«На монахов похожи», - подумал Константин Матвеевич, сравнивая этих из сна с типичными восточными лицами с теми, каких показывали в советском кино. Короче говоря, «сонные» монахи носили типичное православное монашеское одеяние, однако расшитое на спинах золотистыми драконами. Данные чудные монахи поставили зеркало возле храма, дивным образом образовавшегося на подходе к деревне, и кинулись молиться. Беззвучно (как в любом сне) зазвучали колокола, а у храма, замысловатого здания в виде пагоды с колокольней, начался крёстный ход. Участники хода подходили по очереди к зеркалу, лобызали его, а затем бежали подбирать разноцветные камни.

 «Жаль, Петька Варфаламеев слинял из деревни, - подумал во сне Сакуров, уже прояснивший своё «сонное» положение, - а то объяснил бы, каким боком пагода с колокольней, крёстный ход вокруг зеркала и мужик в горностаевой мантии относятся к японской истории, религии или прочей культуре…»

 В это время солнце поднялось выше, граница света и тьмы заметно отодвинулась от условного центра панорамы, а деревня как-то незаметно укрупнилась. При этом она, не утратив сказочности архитектуры и немыслимой палитры красок, приобрела более реальный вид, нежели в момент своего первоначального проявления. А Сакуров, дивясь на произведение не то рук человеческих, не то божественной воли, мог с чистой совестью признаться, что ничего подобного он в жизни своей не видел. Хотя, если бы его кто-нибудь спросил, а чего это он такого конкретного не видел, ни за что не ответил бы. Но продолжал млеть от благоприобретённого восторга, и сомнение на предмет его способности объяснить причины торжества чувств настроению не мешало.
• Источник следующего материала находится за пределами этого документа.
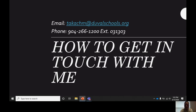My email address is takishm@duvalschools.org. My phone number to reach my classroom is 904-266-1200, extension 031303. I would advise email — I get emails sent directly to my phone like a text message, and I'm pretty swift to respond. I like to respond throughout the day as I have time, and even in the evening I have no problem responding to an email. So please email me — that's the quickest and most efficient way to get ahold of me.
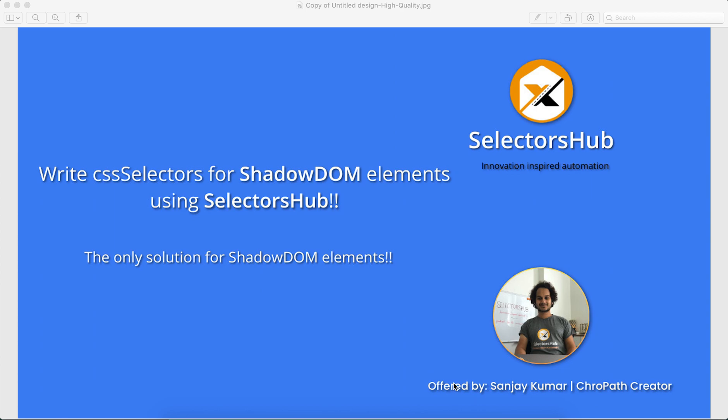Hi friend, this is Sanjay Kumar, SelectorsHub creator. In this video we'll see how SelectorsHub supports Shadow DOM elements and what are the limitations. If you face any issue, I hope this video will help you resolve those issues.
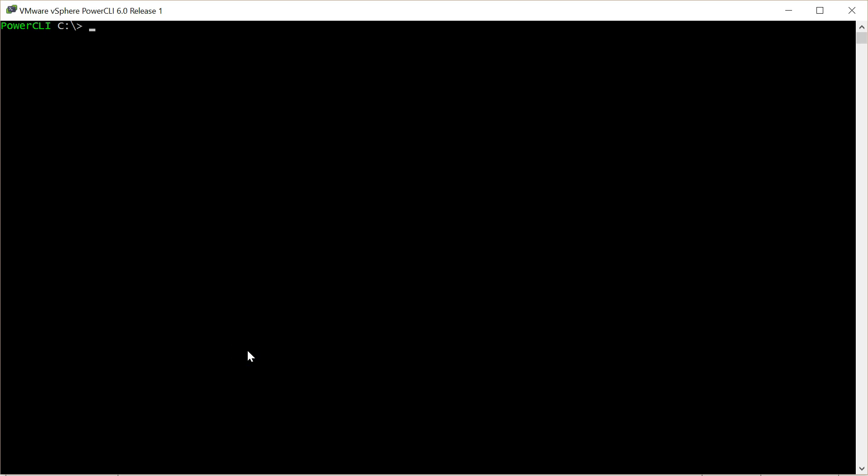This is an upgrade of vSphere on a host from 6 to 6 update 2. I've connected to the host using PowerCLI and the first thing to do is to put the host into maintenance mode.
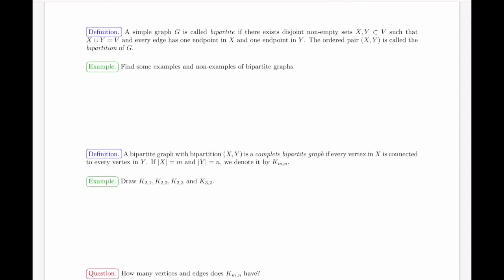In this lecture, we're going to discuss another type of graph, as well as see our very first theorem in graph theory. The first graphs we're going to discuss are called bipartite. Let's think of the word bipartite: bi means two, partite means part — so it consists of two parts.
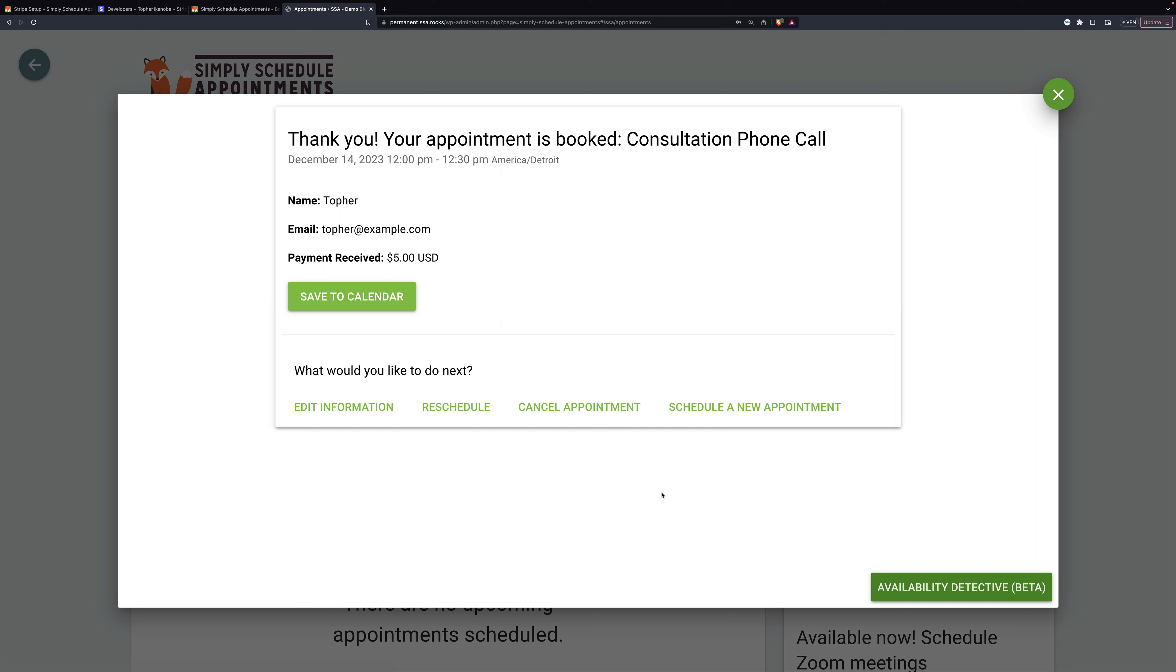And there we are. An appointment has been booked and I paid with a virtual credit card. So that's all there is to setting up Stripe with Simply Schedule Appointments.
 «Да, хорошо здесь», – подумал балдеющий во сне бывший морской штурман и обратил внимание на новые цветы на Сакуре.

  «Раз, два, три, четыре», - принялся пересчитывать цветы Константин Матвеевич и досчитал до семи. Одновременно он заметил, что на сей раз цветы походили на мыльные пузыри, но более затейливой, нежели сферическая, конфигурации: они вращались на черенках, переливаясь всеми цветами радуги и «разбрызгивая» вокруг себя разноцветные искры, и увеличивались в размерах. Потом цветы превратились в плоды, и стали по одному срываться с веток материнского дерева.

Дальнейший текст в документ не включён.